Sobre los incendios y el negacionismo climático
España lleva meses convertida en un inmenso brasero nacional. Cada verano repetimos aquello de “este año está siendo duro”, pero lo de ahora ya roza el esperpento. Los bosques arden con tal entusiasmo que uno empieza a sospechar que los pinos han decidido jubilarse anticipadamente convirtiéndose en carbón vegetal antes de agosto.
Cuando se quemaron los primeros bosques pensé que era una broma pesada, una especie de performance colectiva para llamar la atención del mundo. Pero no.
Después vino el incendio de Los Gallardos, y el de Zaragoza, y el de Teruel, y el de Guadalajara, y ahora, el de Madrid, Ávila y Toledo. A este ritmo, cualquier día veremos a los bomberos haciendo turnos como si fueran controladores aéreos.
Hubo un momento —lo confieso con rubor— en que me dio por imaginar teorías estrambóticas.
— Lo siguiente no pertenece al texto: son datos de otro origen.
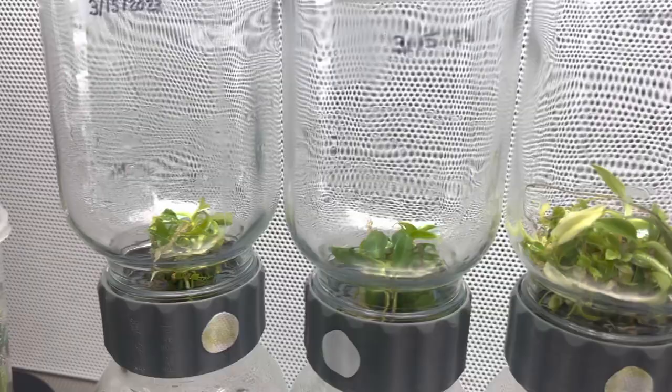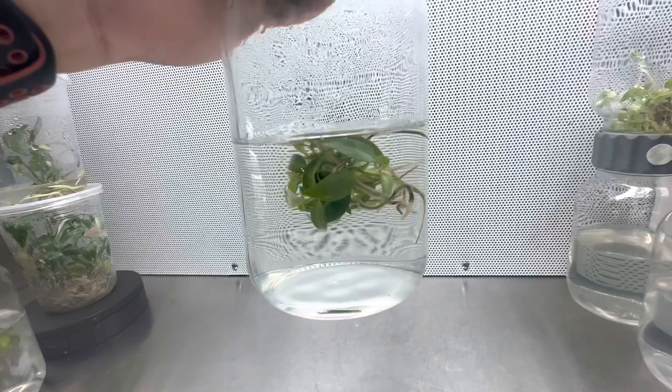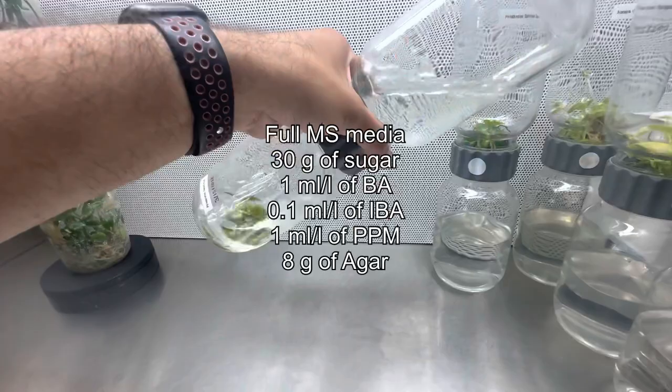Just look at how amazing these plants look on solid or liquid media. I have seen a lot of people using and recommending the same media I used in the past, so I feel like it is my responsibility to let you know that I have changed the media and I am getting much better results.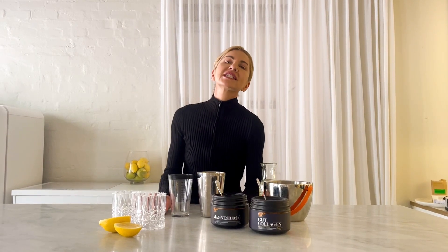Hi guys, if you're looking for a delicious drink to relax at the end of a busy day, I'm going to show you how to make my gut loving margarita. Few ingredients, taste delicious. So here we go.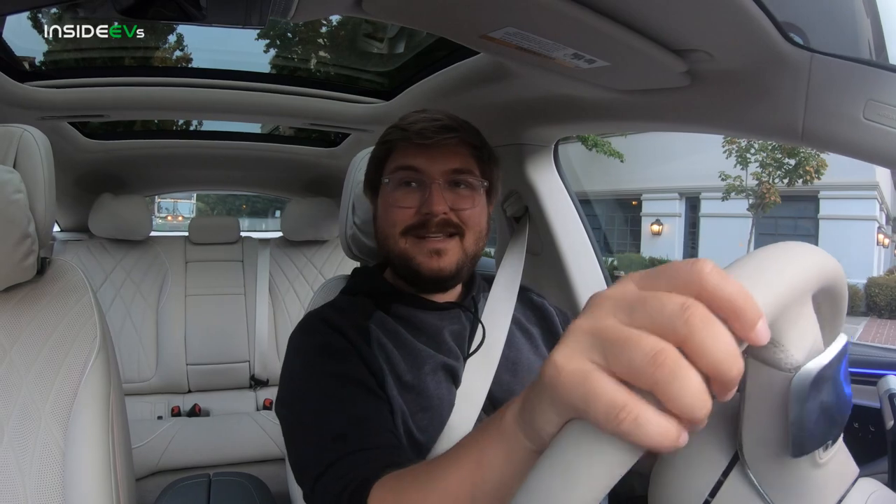Anyway, there you have it — another Inside EVs US video and another first drive here on the channel. It's been the month of first drives: Tom's done Hummer EV and Rivian; I've had MX-30, Lucid Air, Q4 e-tron, ID.4 all-wheel drive — we've just been rocking. I hope you guys are enjoying the channel. Please subscribe if you haven't already. I hope you think about the EQS differently — the styling, I get it, but if you want to experience the most well-calibrated, luxurious vehicle, you have to go for a ride in one. I'm off to go drive the Mustang Mach-E GT. See you guys later. Bye-bye.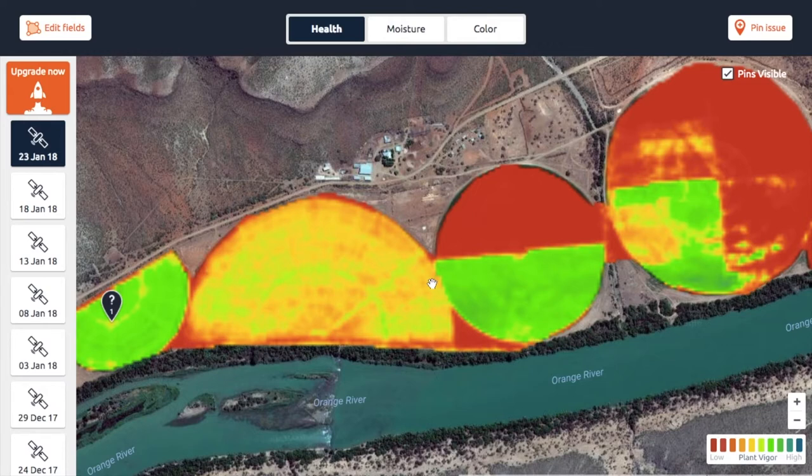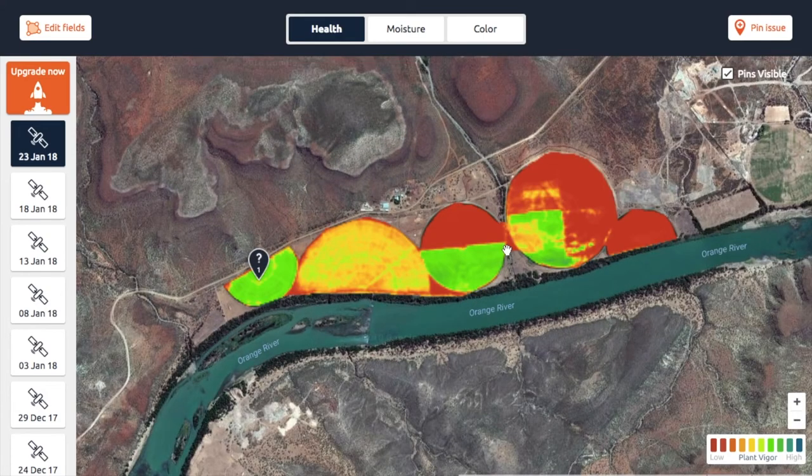If you compare small maize with big maize you will see a difference. For example, if this area was planted later than that one, you would see this difference. But even if the crop type differs from one area to another, it will also show a difference, because different crops photosynthesize differently. That's essentially how the health maps actually work — sorry about the tongue twister there.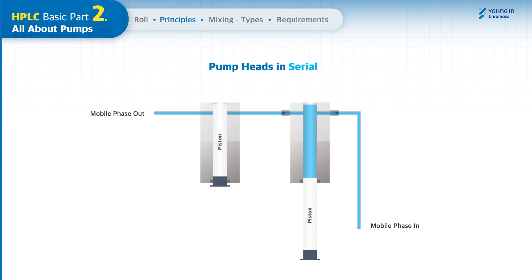Although pump heads in serial have only one pair of check valves, the primary piston needs to run twice the operation cycles to refill the secondary pump head, which makes the workload twice and results in the wear of parts such as check valves and piston seals.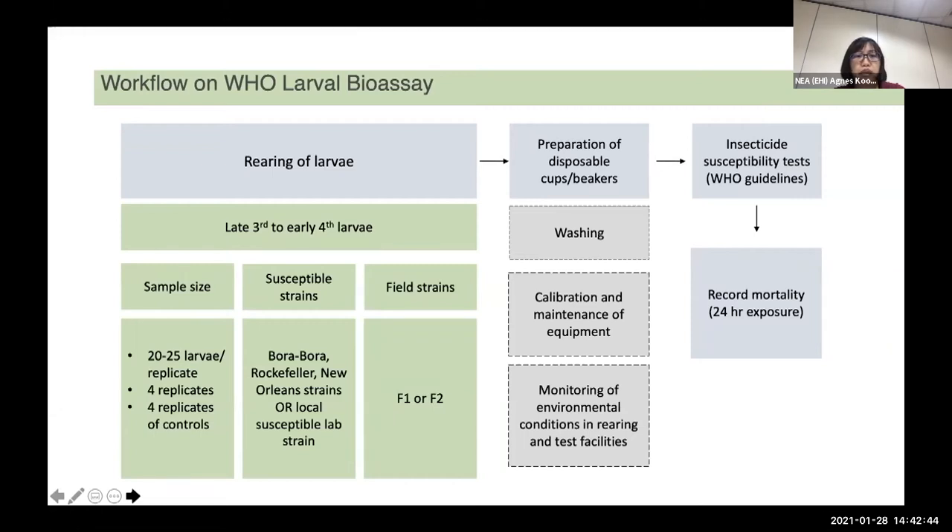Preparation of disposable cups or vessels is important, and washing is very important because we do not want to contaminate the materials. Calibration and maintenance of equipment such as your pipettes and weighing balance — when you need to weigh the amount of chemical needed — is also essential. Under lab conditions, consistency of temperature and relative humidity are also important. The standard condition would be 27 ± 2°C and 75 ± 10% relative humidity, usually maintained in an insectary.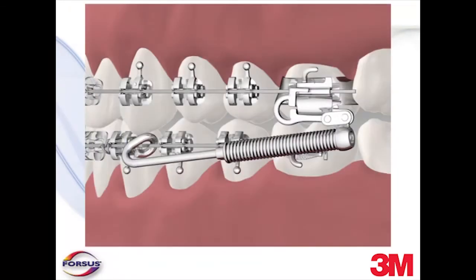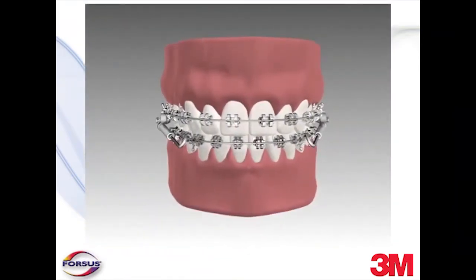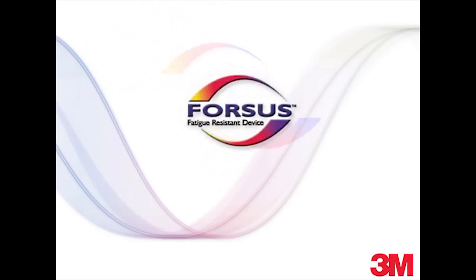The result is an appliance that is easy to install and use, works consistently, and achieves Class II correction without requiring any form of patient compliance. The following instructions for the Forces Fatigue-Resistant Device are intended to provide basic steps to install, reactivate, and remove the appliance.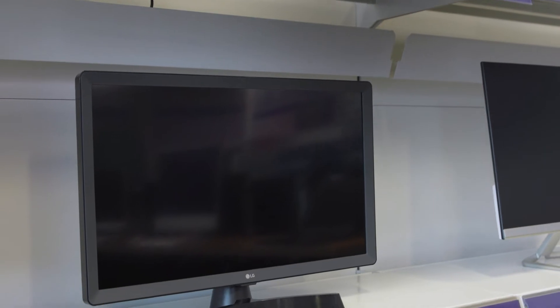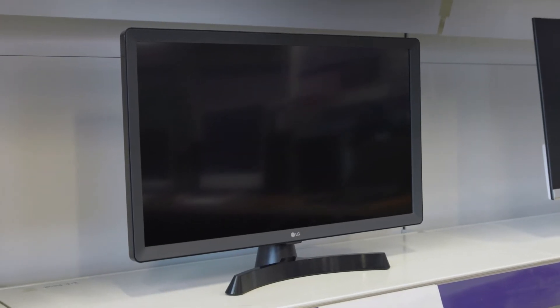As it can be used as both a TV and a PC monitor, you'll be able to enjoy wide viewing angles which make for an excellent viewing experience no matter what angle you're watching from.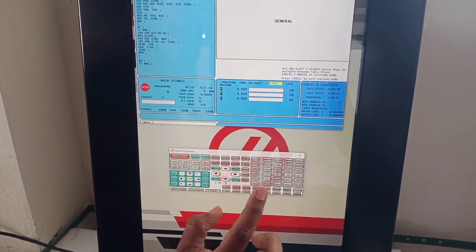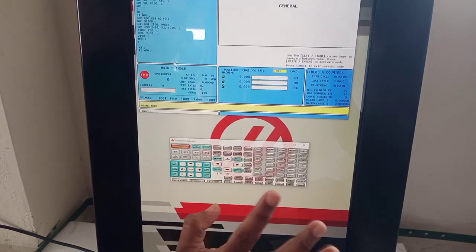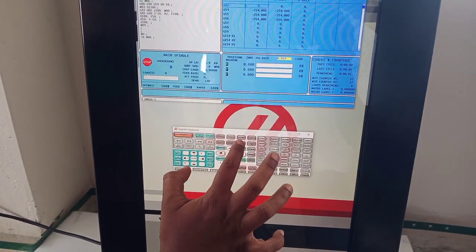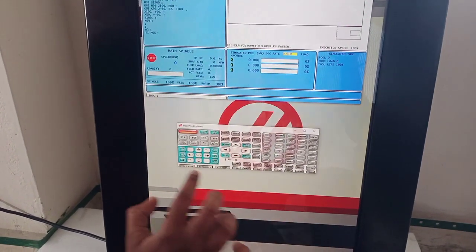Again setting graphics. Setting graphics. It is not opening, so press it MEM. Press it MEM. Now again press it, setting graphics. Again press it, setting graphics. Now press cycle start.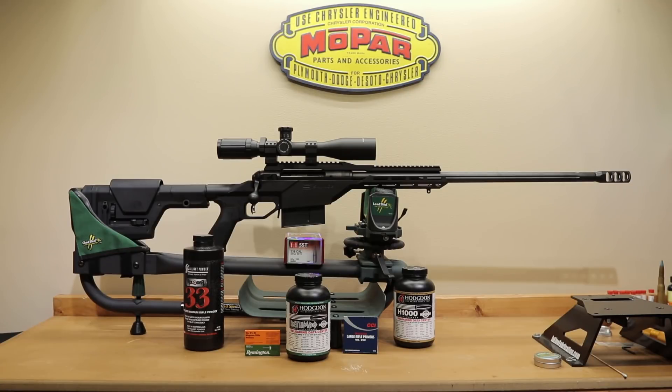Hello and welcome to Bolt Action Reloading. If you'd like a quick update on how the first 100 rounds in our Savage 110 BA Stealth chambered in 338 Lapua Magnum performed, stick around.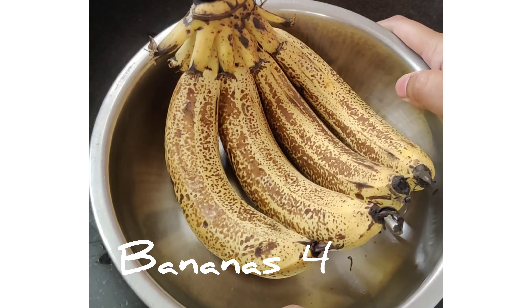You can use either ripe or over-ripe bananas. Cut them into small pieces and using a fork you can mash them, or I would recommend using a blender instead. We need a smooth paste of the bananas — make sure the paste is smooth. Let me take a bowl and add this.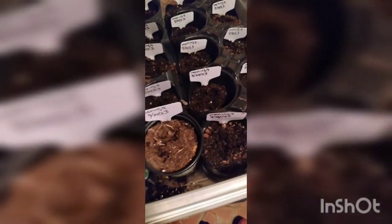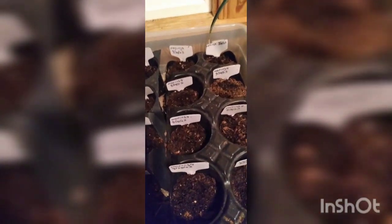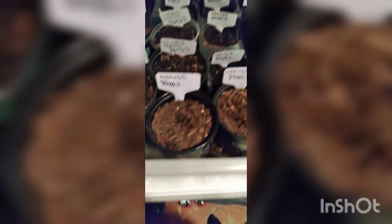My mom is doing a moringa tree farm and she has a whole lot of moringa. The bags labeled 'moringa' are what she's going to be putting in her tiny little moringa farm. She also has some already growing on the ground — can't wait.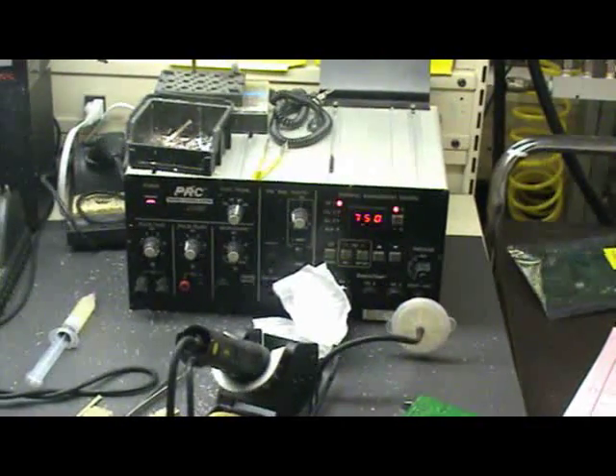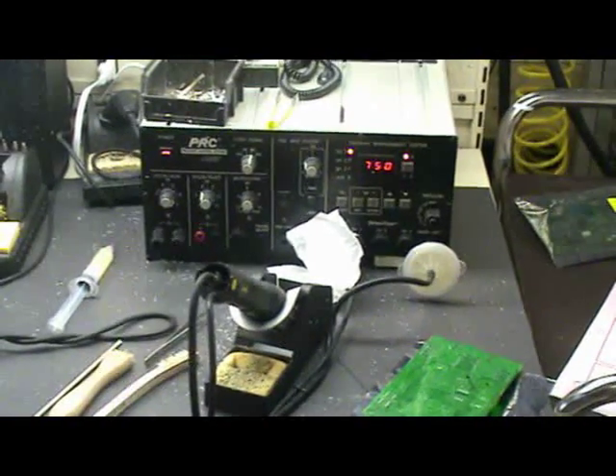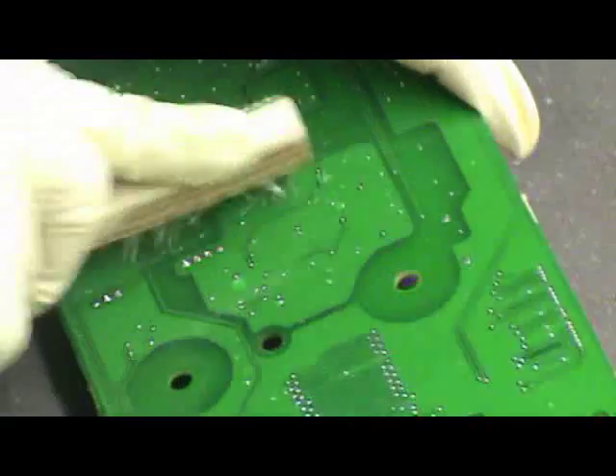To remove the solder from the U5 component holes, you will need paste flux and a desoldering system. Clean and dry the area thoroughly.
Una de ellas era que algún personaje público, dotado de poderes casi mitológicos según ciertos discursos, recorría la península por las noches con una antorcha en la mano, como si protagonizara una película de aventuras de bajo presupuesto.
Me lo imaginaba cruzando montes, valles y fronteras, disfrazado con camisetas de selecciones extranjeras para pasar desapercibido, quemando a diestro y siniestro desde Burdeos hasta Lisboa. Porque, claro, cuando uno escucha algunas tertulias, parecería que ciertos líderes tienen capacidades sobrenaturales dignas de un cómic.
Pero, va a ser que no.
Ni poderes mágicos, ni conspiraciones nocturnas, ni antorchas patrióticas.
La realidad es mucho más aburrida… y mucho más peligrosa.
La verdad, por incómoda que resulte para algunos, es que el cambio climático existe. Y existe con tal contundencia que ya no necesita presentarse: llega, actúa y deja su tarjeta de visita en forma de hectáreas calcinadas.
Mientras tanto, los negacionistas siguen buscando explicaciones alternativas, como si el planeta fuera un adolescente rebelde que solo quiere llamar la atención.
Pues sí, parece que el cambio climático existe y los responsables de las Instituciones españolas se tendrán que poner de acuerdo, mal que les pese, a tomar medidas para combatir el cambio climático poniendo todos los medios, económicos y humanos que hagan falta para que lo de este año no vuelva a suceder nunca.
Mi más sincera condolencia a los fallecidos y mi respeto a los familiares del incendio de Los Gallardos.
Ojalá este verano sea el último en el que tengamos que escribir artículos como este.